Bahkan buku-buku yang tertempuk di kamar banyak yang belum dibaca, dibeli dan dianggurkan begitu saja. Ada saja buku yang dijual ke tukang loak, atau lembaran-lembaranya dijual untuk membungkus kacang. Sedangkan kau pak? Ah rasanya kami tertampar untuk benar-benar mencintai buku, kami banyak belajar darimu mu pak! Seorang bapak yang sangat sayang lupa untuk berkenalan.

Serang, 11 Mei 2014
Alunan An-naba. 17.59 WIB
Oleh-oleh dari PENGMAS Nasional yang terdiri dari 20 universitas, Pulo Panjang, kab. Serang-Banten


NB: Mereka terbatas kawan! Tapi semangat mereka tidak ada batasnya. Listrik adanya malam, mau mandi saja dengan air tawar harus membeli 1 dirijen Rp. 850, mengeprint harus menyebrang ke daratan, sakit, bahkan karena tidak ada bidan, ada yang melahirkan di atas kapal. 

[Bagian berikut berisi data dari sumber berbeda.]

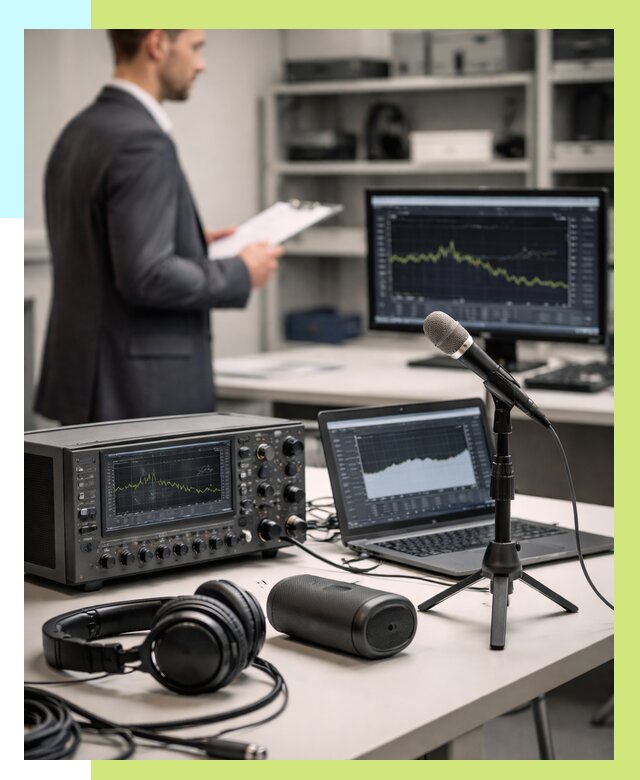 Сертификация аудиотехники в Апатитах от 15558 р., Алешин-Птт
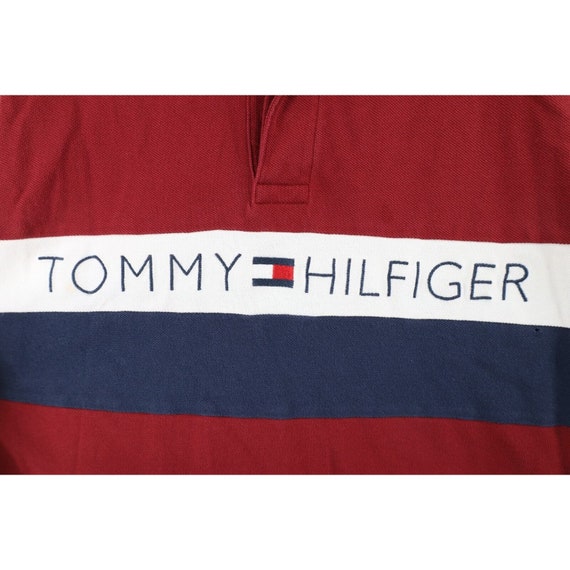 90s Tommy Hilfiger Mens Large Faded Spell Out Lon… - image 4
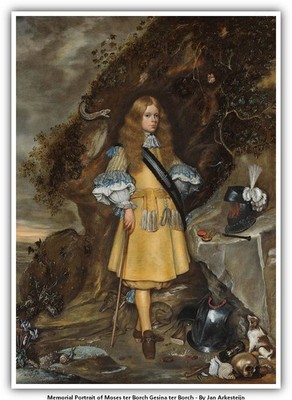 Memorial Portrait of Moses ter Borch Gesina ter Borch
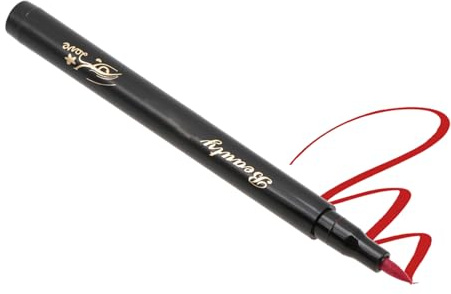 Eyeliner Rot, Roter Eyeliner, Flüssiger Eyeliner-Stift, Langlebiger Flüssiger Eyeliner-Bleistift Augen-Make-up-Kosmetikwerkzeug Geeignet Für Anfänger Und Professionelle Maskenbildner(Rot)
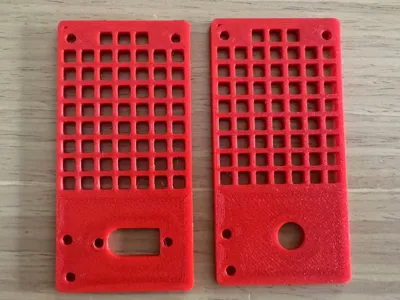 PC FLEX PSU COVER Computer FLEX power supply position cover (XT60E and 5.5/2.5 interface)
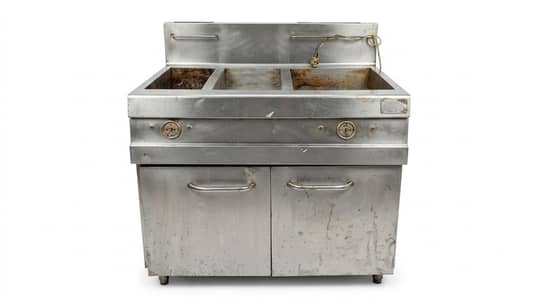 Commercial Double Deep Fryer | Gas | Heavy Duty | Peshawar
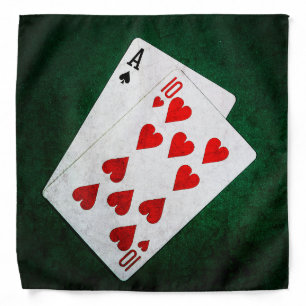 Blackjack 21 point - Ace, Ten Bandana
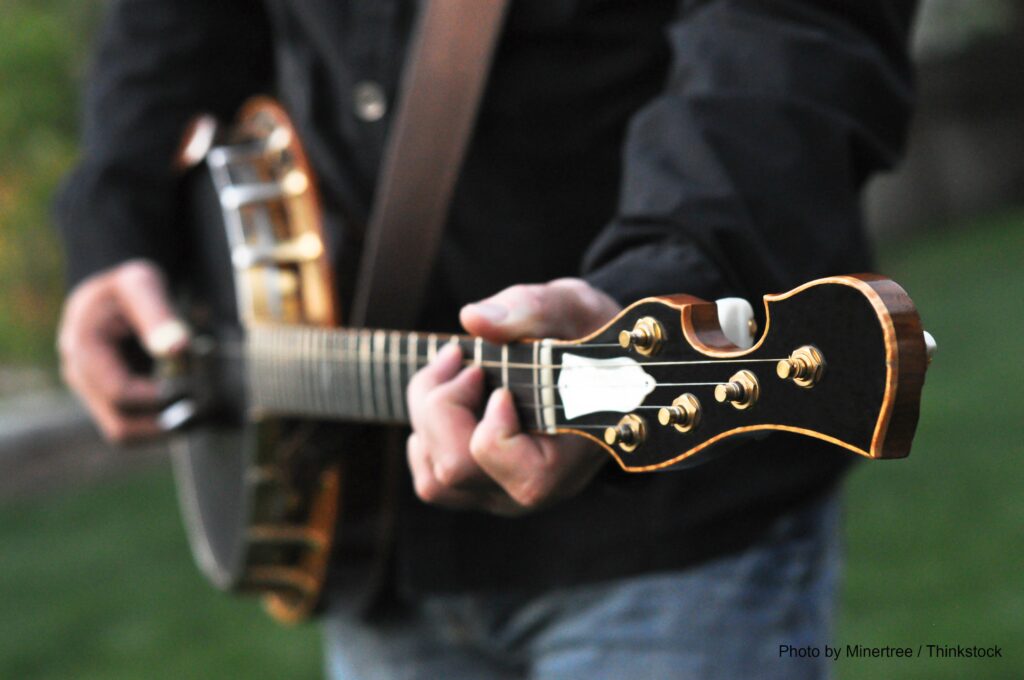 durango bluegrass meltdown playing guitar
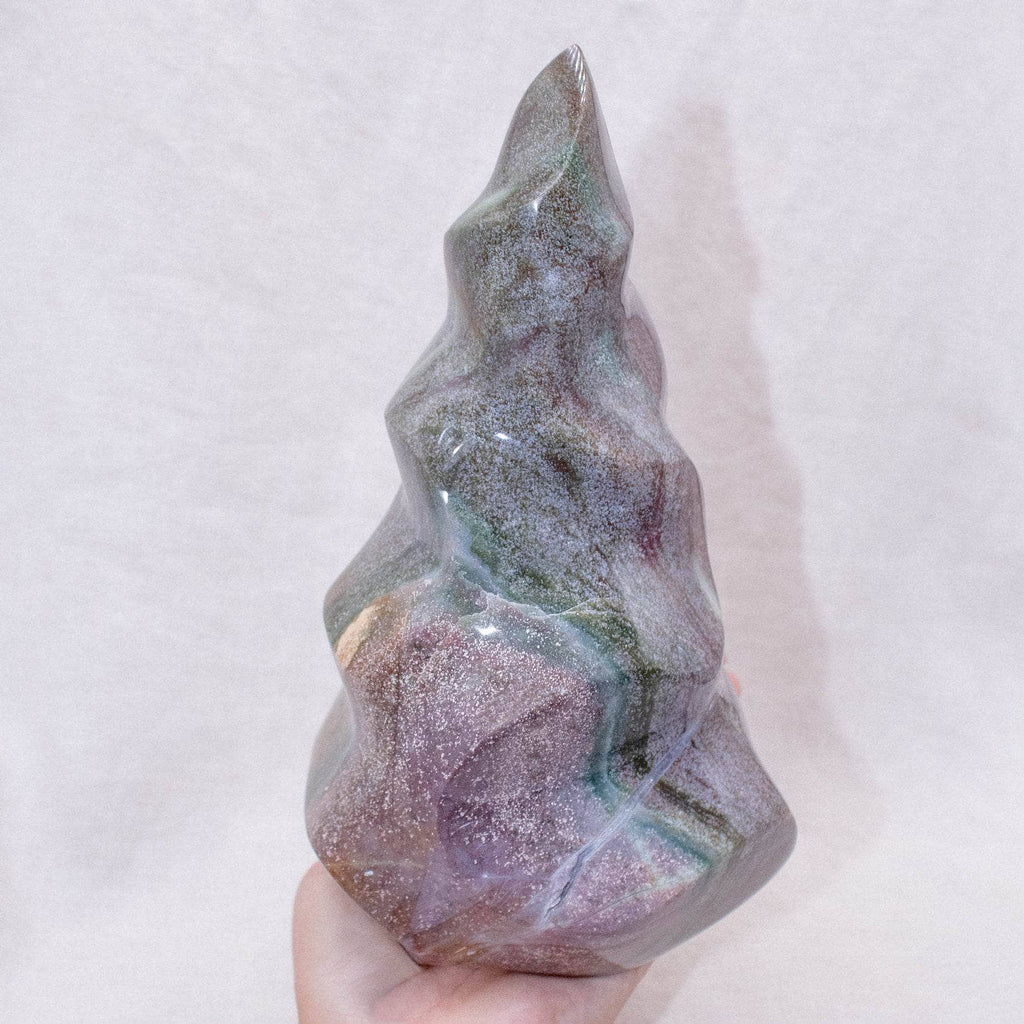 Ocean Jasper Flame- AAA Premium Quality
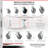 4 Piece Phenolic Caster Set
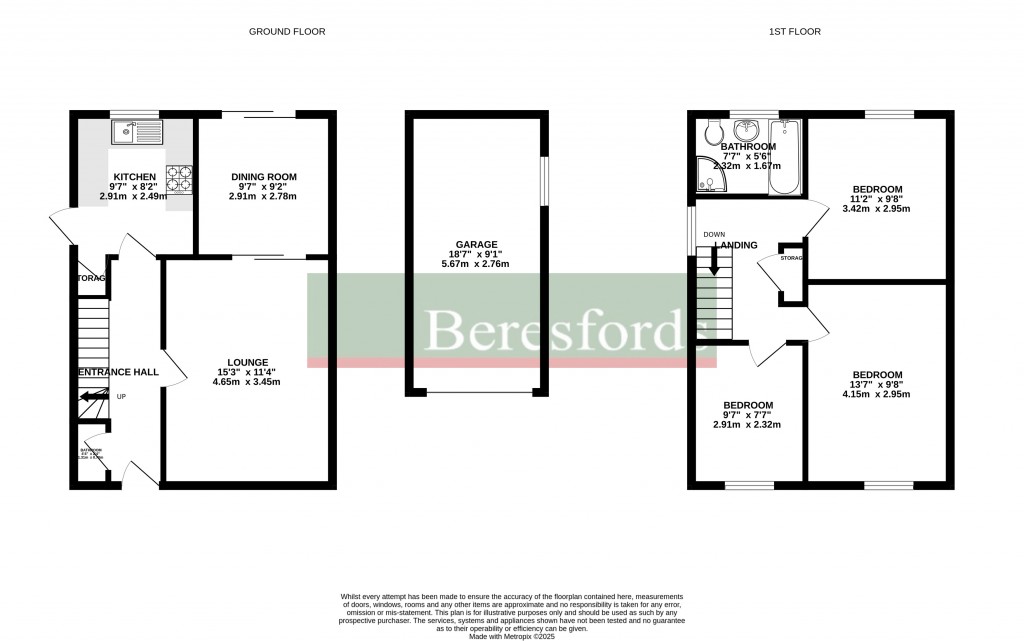 Floorplans For Gloucester Avenue, Chelmsford, Essex, CM2
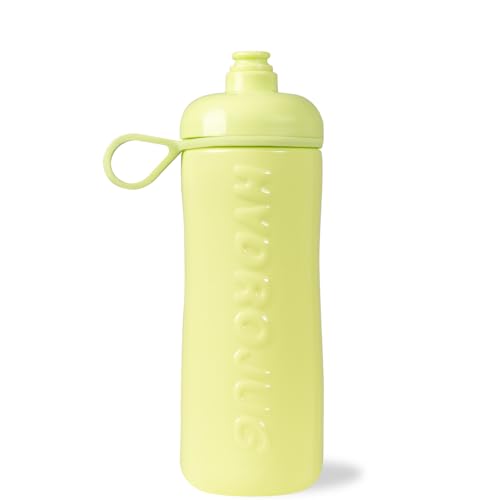 HydroJug Squeeze - 27oz Water Bottles, Sports Water Bottle with Push Cap, Quick & Easy Hydration,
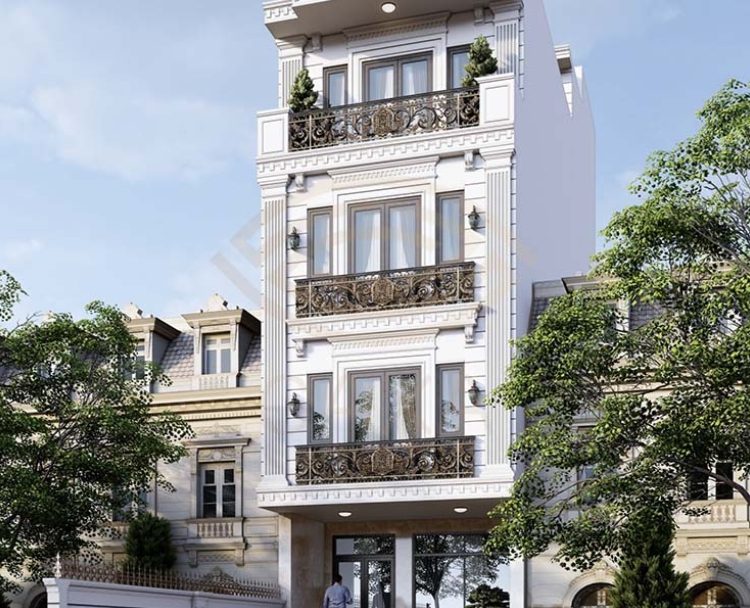 nhà 4 tầng 1 tum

Tapi itu bukan alasan untuk mereka untuk bisa menjadi orang hebat. Coba saja kau kesana, akan kau temui sekelompok anak yang siap dengan motivasimu, sekumpulan ibu-ibu yang sedia mendngar ceramah atau diskusi seputar Islam, dan bapak-bapak yang siap bergotong royong untuk perbaikan kampungnya. Mereka ramah.
Terpenting adalah kau datang dengan cinta, maka cinta lagi yang kau dapatkan.